> WHAT IS REQUIRED: Give back each line of the data exactly as it reads, minus the pictures.

> INFORMATION PROVIDED:

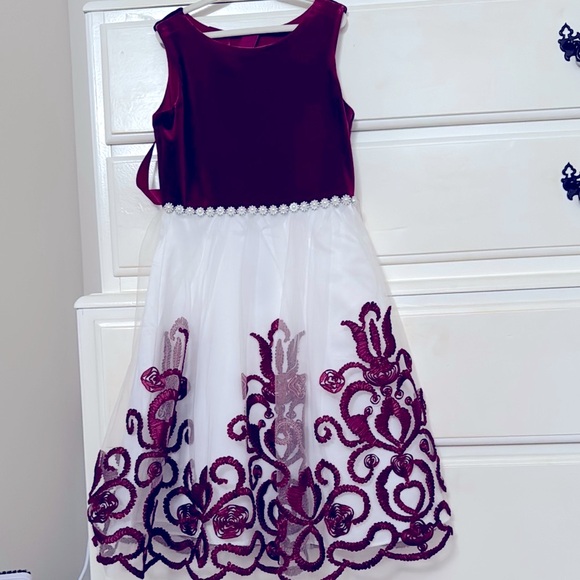Elegant Burgundy and White Kids Dress - Picture 1 of 6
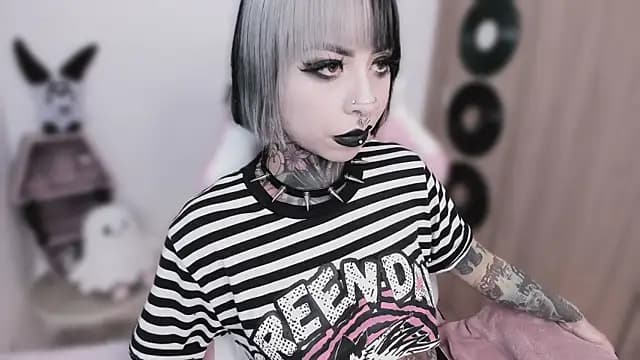 shes_creepy live cam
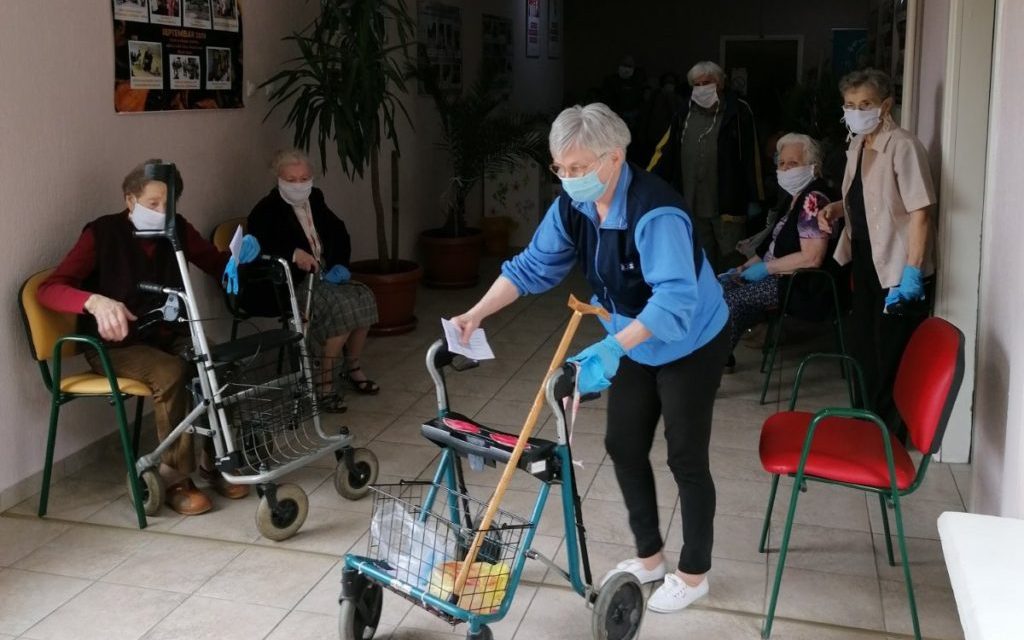 Szabadka: Leadták voksukat a Gerontológiai Központ lakói (Fotók)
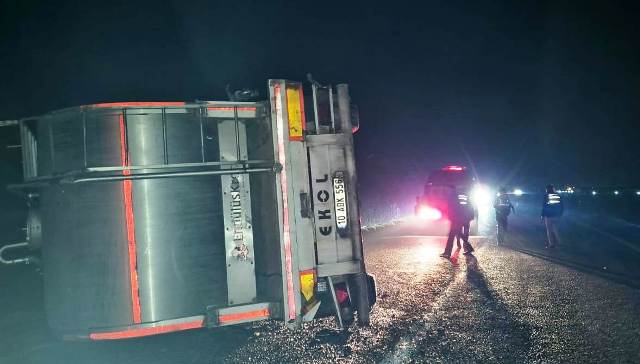 Balıkesir Manyas’ta zincirleme kaza: 2 yaralı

> TASK RESPONSE:
Elegant Burgundy and White Kids Dress - Picture 1 of 6
 shes_creepy live cam
 Szabadka: Leadták voksukat a Gerontológiai Központ lakói (Fotók)
 Balıkesir Manyas’ta zincirleme kaza: 2 yaralı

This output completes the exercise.